There is another interpretation that may be more relevant to us. We now recognize that, in the wake of war, there is enormous psychic disturbance. We may interpret the sewers as an objective correlative for post-traumatic stress disorder. In the sewers, the Germans aren’t killing the Poles. The rather the Polish fighters are trapped in a blackness that leads them literally to suicide – for instance, the Polish girl who shoots herself when the man with whom she was sleeping declares that he must survive the ordeal so he can return to his wife and child. The warrior who has returned from battle finds himself in an uncomprehending society, cut off, and cast into darkness – there seems to be no way out and depression gnaws relentlessly at the sense of self. Topographically, the sewer is an interior, an inside, in which the characters are entrapped – there is an eerie sense in Kanal that the last half of the movie is a dream, a nightmare occurring within someone’s disturbed sleep. Years later, Wajda made a film called Landscape after a Battle – in my view, we can productively view Kanals second half as a psychic "landscape after battle," the spiritual darkness, confusion, and alienation that descends upon soldiers after the killing and dying has ended.

 


And Yet
As if in recognition that the story of the Warsaw Uprising is too terrible to be esthetically enjoyed, Criterion includes on its disc a long interview conducted in 2004 between Wajda and another old man, Jan Nowak Jezioranski. The interview primarily involves historical issues and ends with a kind of defense of the Warsaw Uprising. Jezioranski was a courier during the Warsaw Uprising and later an official in the Polish delegation to the United States.

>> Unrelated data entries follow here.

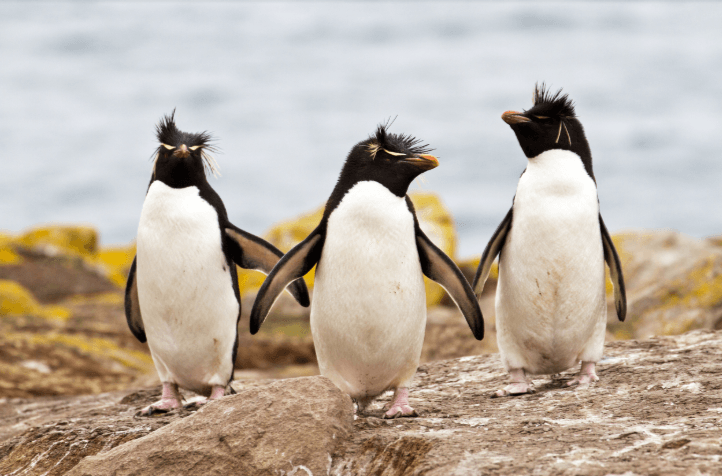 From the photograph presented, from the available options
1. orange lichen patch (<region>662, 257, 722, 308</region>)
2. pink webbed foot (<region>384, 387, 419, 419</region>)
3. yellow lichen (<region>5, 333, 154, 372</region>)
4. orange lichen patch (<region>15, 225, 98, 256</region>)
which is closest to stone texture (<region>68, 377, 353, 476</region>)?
pink webbed foot (<region>384, 387, 419, 419</region>)

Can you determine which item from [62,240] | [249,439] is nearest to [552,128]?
[249,439]

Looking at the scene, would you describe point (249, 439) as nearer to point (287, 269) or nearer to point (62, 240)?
point (287, 269)

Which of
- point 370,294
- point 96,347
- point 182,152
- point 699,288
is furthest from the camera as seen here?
point 96,347

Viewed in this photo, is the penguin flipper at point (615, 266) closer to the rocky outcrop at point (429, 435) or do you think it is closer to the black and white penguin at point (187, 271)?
the rocky outcrop at point (429, 435)

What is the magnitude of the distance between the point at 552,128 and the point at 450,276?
1228mm

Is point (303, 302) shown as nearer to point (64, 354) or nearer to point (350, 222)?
point (350, 222)

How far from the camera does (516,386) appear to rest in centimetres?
451

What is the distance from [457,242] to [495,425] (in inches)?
422

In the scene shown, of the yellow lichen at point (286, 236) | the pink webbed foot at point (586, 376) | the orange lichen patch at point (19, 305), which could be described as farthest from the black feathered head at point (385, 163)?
the orange lichen patch at point (19, 305)

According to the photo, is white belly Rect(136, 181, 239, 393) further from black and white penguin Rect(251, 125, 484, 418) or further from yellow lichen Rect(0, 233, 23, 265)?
yellow lichen Rect(0, 233, 23, 265)

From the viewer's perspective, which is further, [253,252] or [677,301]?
[677,301]

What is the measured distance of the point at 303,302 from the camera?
4.91 meters

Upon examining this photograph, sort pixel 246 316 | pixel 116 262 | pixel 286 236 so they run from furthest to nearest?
1. pixel 116 262
2. pixel 286 236
3. pixel 246 316

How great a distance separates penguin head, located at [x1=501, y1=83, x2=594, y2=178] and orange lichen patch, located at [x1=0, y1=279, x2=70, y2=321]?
8332mm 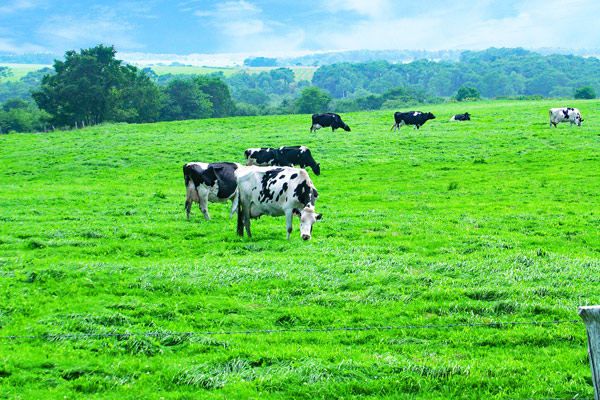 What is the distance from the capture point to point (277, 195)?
14.2 metres

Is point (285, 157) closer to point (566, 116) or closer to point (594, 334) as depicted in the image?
point (594, 334)

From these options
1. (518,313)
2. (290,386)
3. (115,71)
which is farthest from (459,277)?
(115,71)

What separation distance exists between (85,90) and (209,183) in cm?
5375

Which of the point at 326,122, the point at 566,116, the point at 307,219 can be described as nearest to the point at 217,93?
the point at 326,122

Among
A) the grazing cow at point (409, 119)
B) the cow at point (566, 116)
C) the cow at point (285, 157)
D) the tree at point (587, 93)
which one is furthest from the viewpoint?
the tree at point (587, 93)

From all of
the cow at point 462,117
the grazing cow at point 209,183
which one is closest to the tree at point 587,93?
the cow at point 462,117

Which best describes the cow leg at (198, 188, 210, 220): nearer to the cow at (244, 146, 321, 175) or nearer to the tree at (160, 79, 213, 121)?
the cow at (244, 146, 321, 175)

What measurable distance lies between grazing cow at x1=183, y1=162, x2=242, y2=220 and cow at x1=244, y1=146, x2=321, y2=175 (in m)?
9.98

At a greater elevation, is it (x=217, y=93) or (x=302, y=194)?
(x=217, y=93)

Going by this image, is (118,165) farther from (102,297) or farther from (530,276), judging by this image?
(530,276)

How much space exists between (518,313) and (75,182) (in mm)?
24833

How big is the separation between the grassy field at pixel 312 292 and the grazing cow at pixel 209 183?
2.71 ft

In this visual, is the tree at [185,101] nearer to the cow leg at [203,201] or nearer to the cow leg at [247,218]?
the cow leg at [203,201]

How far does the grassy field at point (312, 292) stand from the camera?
239 inches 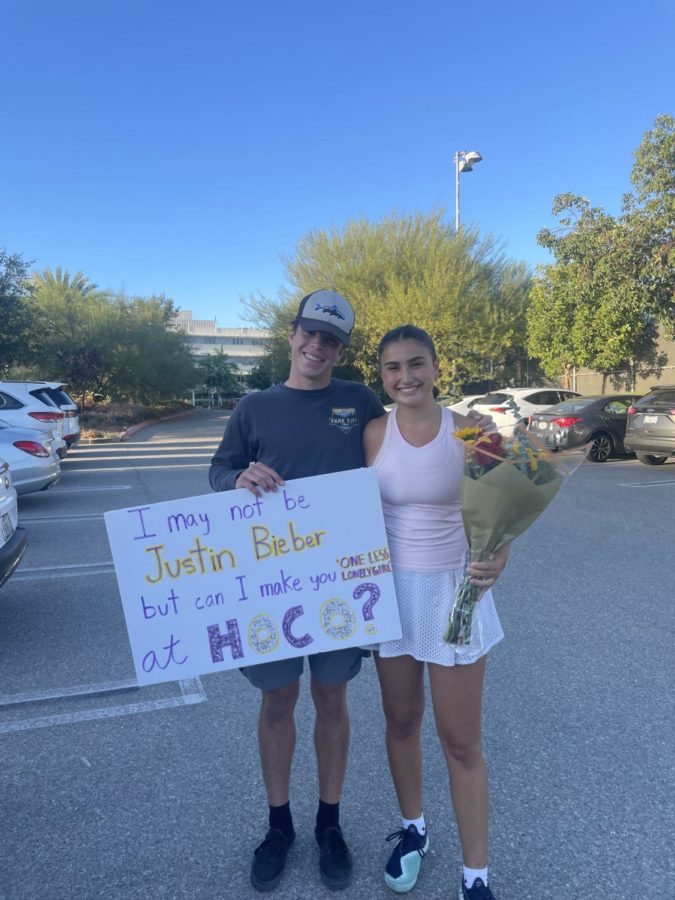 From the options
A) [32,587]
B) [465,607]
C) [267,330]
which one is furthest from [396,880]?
[267,330]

Jezioranski makes the point that the Warsaw Uprising was historically consequential in three ways. First, the Red Army paused for 63 days during its inexorable advance into Germany. This allowed the Allies to advance through Europe thrusting deep into Germany from the West. As a result, the Red Army was not able to claim all of Berlin. In fact, Berlin had to be divided between the allied occupying forces. In Jezioranski’s view, the Warsaw Uprising, paradoxically, saved Germany. If all of Germany had fallen to the Soviet army, West Germany would not have existed and the entire German nation would have been a satellite to Moscow.

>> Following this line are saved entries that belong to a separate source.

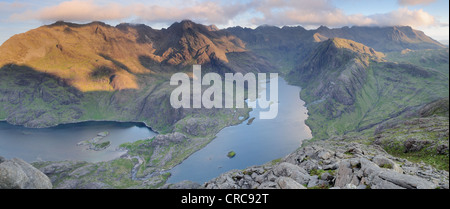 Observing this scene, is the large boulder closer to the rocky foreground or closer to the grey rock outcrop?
the grey rock outcrop

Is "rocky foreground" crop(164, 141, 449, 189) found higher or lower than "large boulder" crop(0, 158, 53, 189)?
higher

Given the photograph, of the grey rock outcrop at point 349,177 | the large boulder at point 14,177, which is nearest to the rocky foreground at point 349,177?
the grey rock outcrop at point 349,177

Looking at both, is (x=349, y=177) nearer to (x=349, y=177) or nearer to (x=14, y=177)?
(x=349, y=177)

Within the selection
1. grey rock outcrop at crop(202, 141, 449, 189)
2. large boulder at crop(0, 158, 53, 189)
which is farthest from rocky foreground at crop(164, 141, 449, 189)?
large boulder at crop(0, 158, 53, 189)

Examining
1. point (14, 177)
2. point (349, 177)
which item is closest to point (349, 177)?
point (349, 177)

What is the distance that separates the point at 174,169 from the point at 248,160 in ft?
205

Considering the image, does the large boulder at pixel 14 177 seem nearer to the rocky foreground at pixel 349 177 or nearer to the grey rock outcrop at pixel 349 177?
the grey rock outcrop at pixel 349 177

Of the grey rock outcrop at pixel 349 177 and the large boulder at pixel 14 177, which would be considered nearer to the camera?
the grey rock outcrop at pixel 349 177

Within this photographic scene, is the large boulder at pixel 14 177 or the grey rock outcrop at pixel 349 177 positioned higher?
the grey rock outcrop at pixel 349 177

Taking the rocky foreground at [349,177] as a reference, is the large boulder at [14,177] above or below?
below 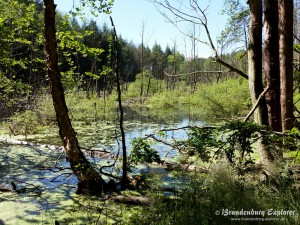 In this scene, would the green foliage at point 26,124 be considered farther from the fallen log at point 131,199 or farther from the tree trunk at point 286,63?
the tree trunk at point 286,63

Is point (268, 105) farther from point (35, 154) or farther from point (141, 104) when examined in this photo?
point (141, 104)

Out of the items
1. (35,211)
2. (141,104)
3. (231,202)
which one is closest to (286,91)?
(231,202)

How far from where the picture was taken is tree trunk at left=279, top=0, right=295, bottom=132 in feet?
18.9

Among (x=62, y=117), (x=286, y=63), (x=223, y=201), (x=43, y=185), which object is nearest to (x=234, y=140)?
(x=223, y=201)

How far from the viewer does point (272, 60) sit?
4695mm

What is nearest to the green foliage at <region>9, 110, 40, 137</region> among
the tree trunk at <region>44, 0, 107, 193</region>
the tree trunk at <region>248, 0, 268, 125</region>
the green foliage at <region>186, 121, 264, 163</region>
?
the tree trunk at <region>44, 0, 107, 193</region>

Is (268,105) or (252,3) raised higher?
(252,3)

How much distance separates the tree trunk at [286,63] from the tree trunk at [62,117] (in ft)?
13.1

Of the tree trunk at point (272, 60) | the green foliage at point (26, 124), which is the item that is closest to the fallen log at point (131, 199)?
the tree trunk at point (272, 60)

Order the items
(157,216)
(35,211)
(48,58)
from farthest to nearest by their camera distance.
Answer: (48,58) → (35,211) → (157,216)

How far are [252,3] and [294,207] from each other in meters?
3.21

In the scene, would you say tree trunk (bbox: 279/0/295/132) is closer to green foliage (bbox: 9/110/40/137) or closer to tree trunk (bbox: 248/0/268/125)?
tree trunk (bbox: 248/0/268/125)

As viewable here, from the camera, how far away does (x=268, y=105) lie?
4.55m

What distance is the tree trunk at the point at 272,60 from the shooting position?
4527mm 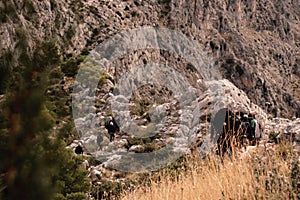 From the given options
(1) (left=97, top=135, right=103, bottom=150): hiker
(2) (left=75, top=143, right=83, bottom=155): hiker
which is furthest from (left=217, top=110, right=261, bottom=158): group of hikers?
(1) (left=97, top=135, right=103, bottom=150): hiker

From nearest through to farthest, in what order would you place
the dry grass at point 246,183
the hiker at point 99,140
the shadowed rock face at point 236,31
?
the dry grass at point 246,183
the hiker at point 99,140
the shadowed rock face at point 236,31

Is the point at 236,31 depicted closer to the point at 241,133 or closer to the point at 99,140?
the point at 99,140

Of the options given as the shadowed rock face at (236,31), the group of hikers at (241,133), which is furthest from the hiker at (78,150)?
the shadowed rock face at (236,31)

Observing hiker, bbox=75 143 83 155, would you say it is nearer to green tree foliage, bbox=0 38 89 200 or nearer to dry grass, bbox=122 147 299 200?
dry grass, bbox=122 147 299 200

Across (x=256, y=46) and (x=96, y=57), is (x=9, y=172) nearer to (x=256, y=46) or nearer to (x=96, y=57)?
(x=96, y=57)

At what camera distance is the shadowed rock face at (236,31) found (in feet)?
184

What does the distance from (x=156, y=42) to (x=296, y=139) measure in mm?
56996

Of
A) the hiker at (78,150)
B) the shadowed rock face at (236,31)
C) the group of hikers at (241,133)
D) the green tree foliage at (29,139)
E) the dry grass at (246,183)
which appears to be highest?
the green tree foliage at (29,139)

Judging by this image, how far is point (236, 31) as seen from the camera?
84.7m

Second, Jezioranski says that the horrific memories of the Warsaw Uprising prevented the Poles from joining the Hungarian uprising against the Soviet Union in 1956. If the Poles had risen with the Hungarians, they would have been similarly crushed and would have suffered another calamitous defeat.

Finally, Jezioranski says that the Poles learned from the Warsaw Uprising that violence only begets more violence and that revolution is best accomplished by civil disobedience and not armed force. This understanding led to the Poles adopting non-violent means during the Solidarity period and, ultimately, liberating themselves from Moscow without an enormous loss of life.